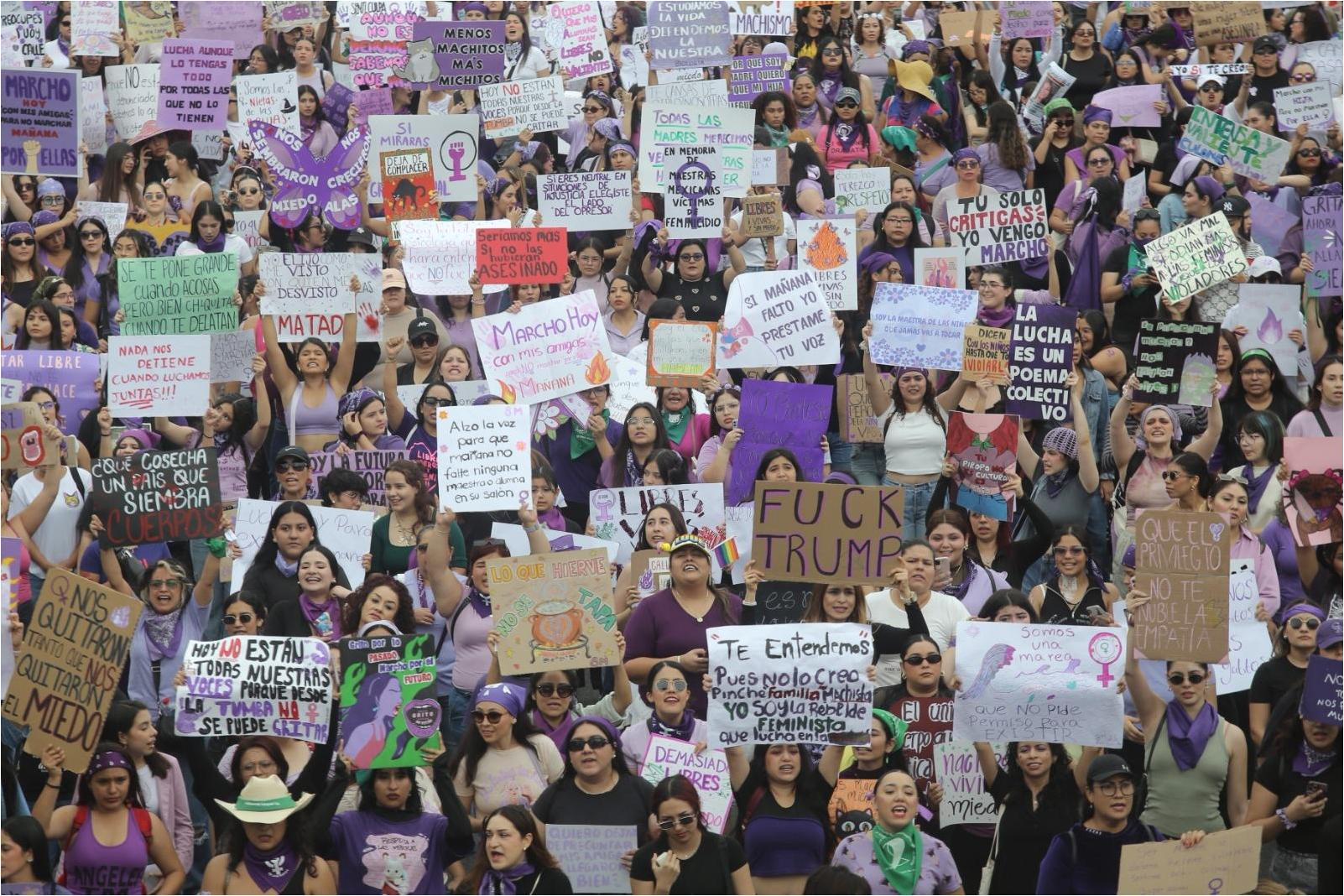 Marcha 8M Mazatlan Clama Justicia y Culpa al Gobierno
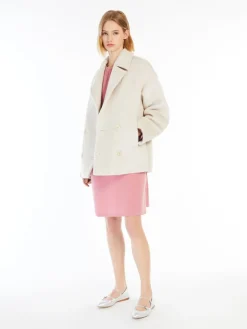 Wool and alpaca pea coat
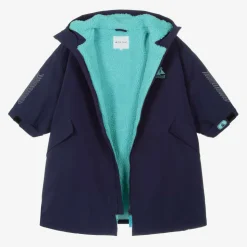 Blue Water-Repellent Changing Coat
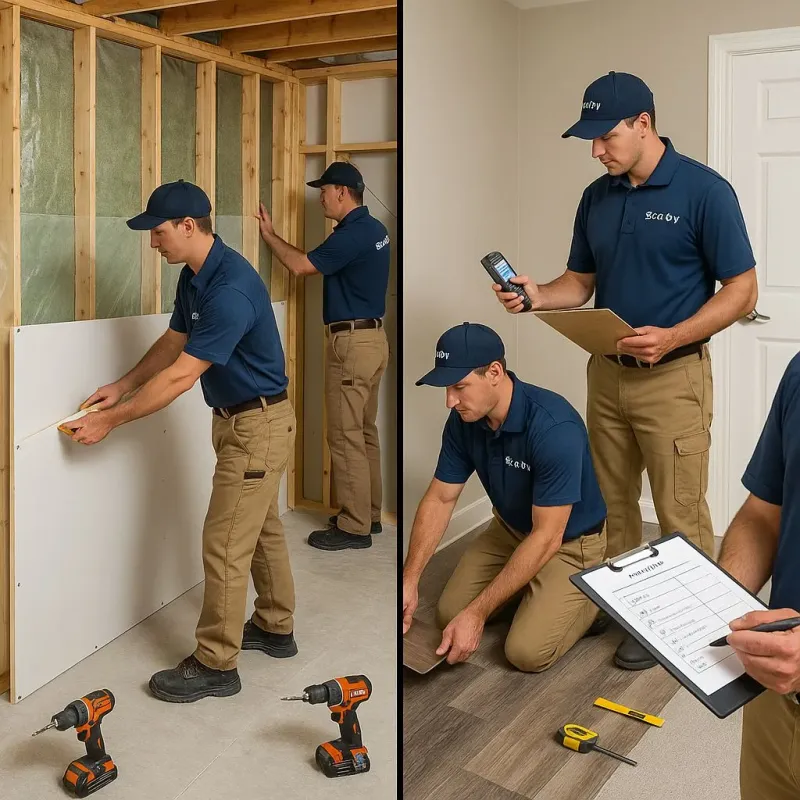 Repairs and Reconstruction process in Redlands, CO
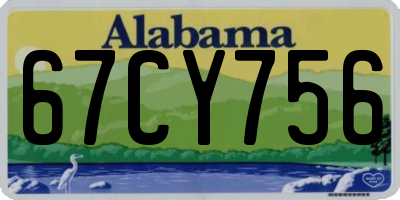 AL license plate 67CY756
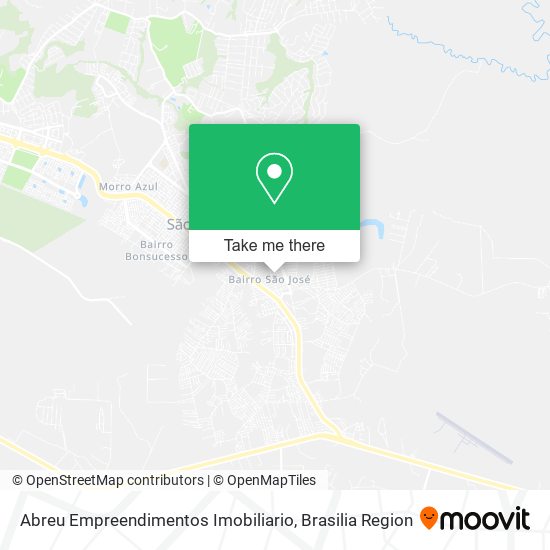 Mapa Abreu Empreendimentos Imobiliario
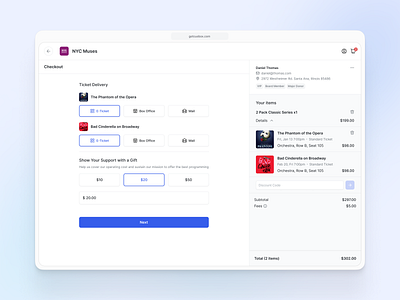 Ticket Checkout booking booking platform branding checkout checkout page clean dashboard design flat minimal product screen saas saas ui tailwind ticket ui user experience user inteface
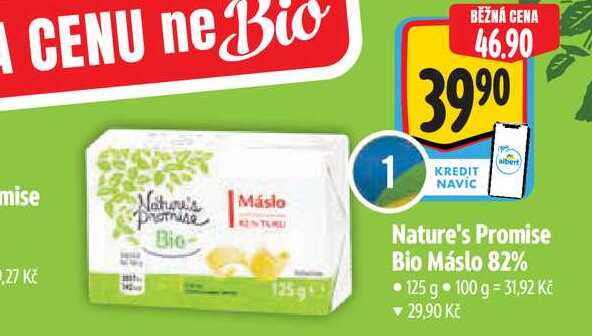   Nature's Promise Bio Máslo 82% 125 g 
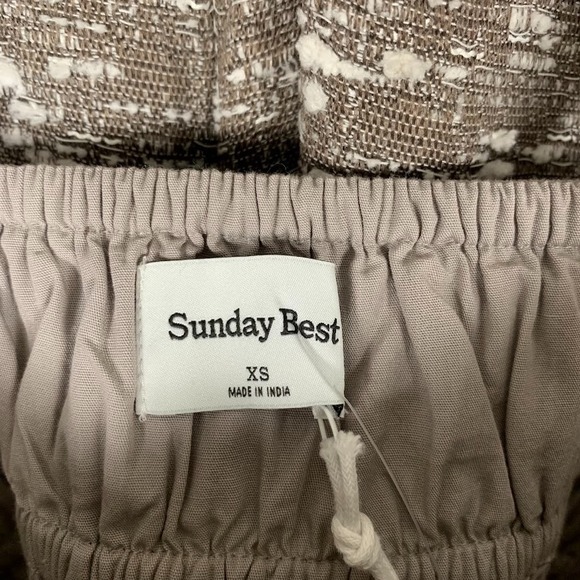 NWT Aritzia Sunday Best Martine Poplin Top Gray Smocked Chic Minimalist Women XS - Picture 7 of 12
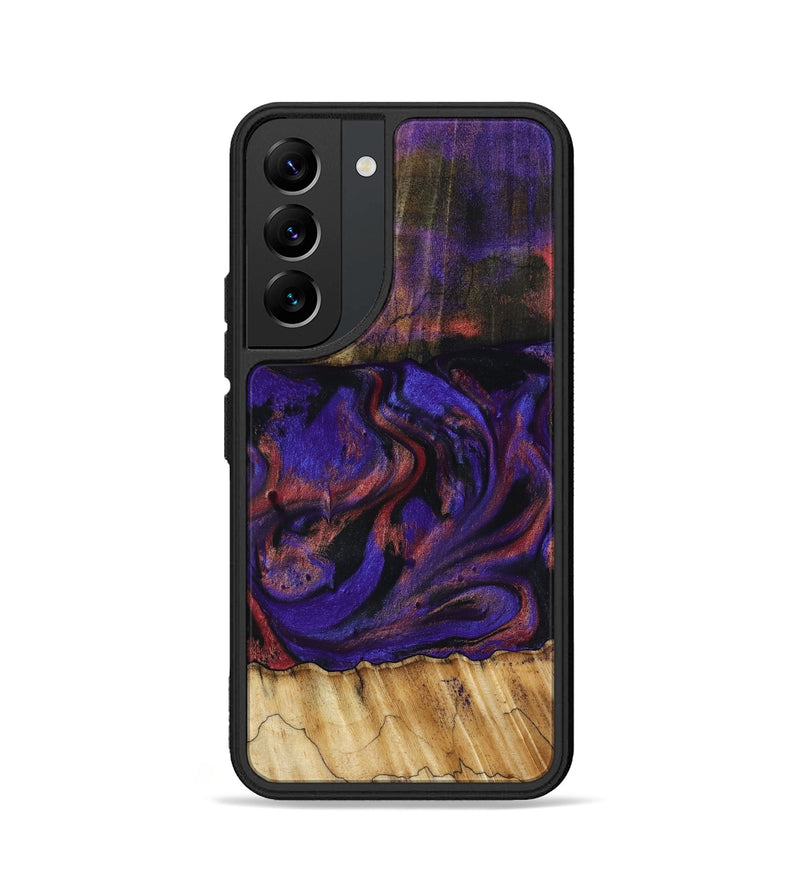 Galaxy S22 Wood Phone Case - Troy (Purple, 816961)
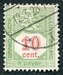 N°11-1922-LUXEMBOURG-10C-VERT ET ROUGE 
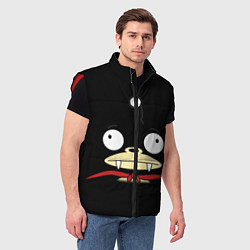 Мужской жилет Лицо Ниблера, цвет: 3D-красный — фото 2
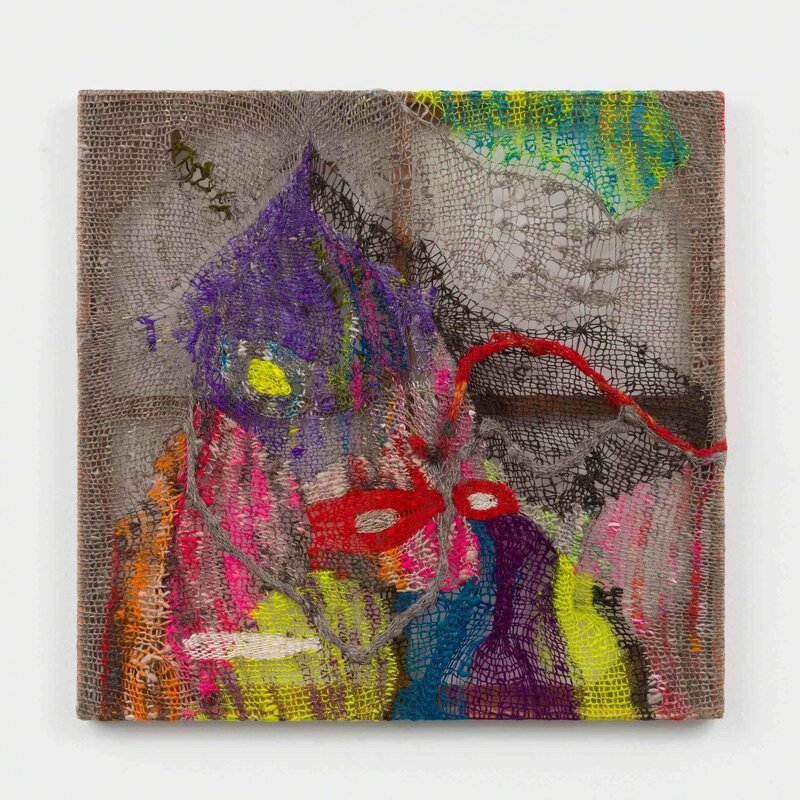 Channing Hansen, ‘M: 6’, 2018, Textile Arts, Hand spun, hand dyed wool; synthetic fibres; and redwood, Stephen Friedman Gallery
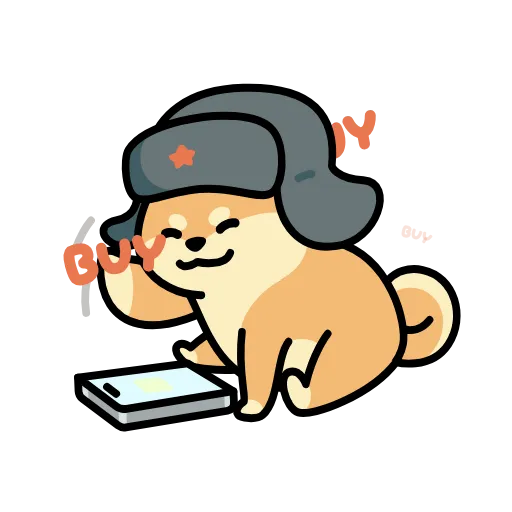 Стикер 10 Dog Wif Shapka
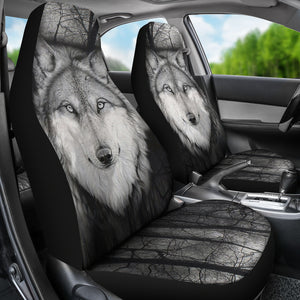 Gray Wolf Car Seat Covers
*****
• _PROBLEM_: No pictures belong in the answer. It must repeat exactly the lines from the line with "Мужской жилет Лицо" through the final line of the records.

• _OUTPUT FOR THIS TASK_:
 Мужской жилет Лицо Ниблера, цвет: 3D-красный — фото 2
 Channing Hansen, ‘M: 6’, 2018, Textile Arts, Hand spun, hand dyed wool; synthetic fibres; and redwood, Stephen Friedman Gallery
 Стикер 10 Dog Wif Shapka
 Gray Wolf Car Seat Covers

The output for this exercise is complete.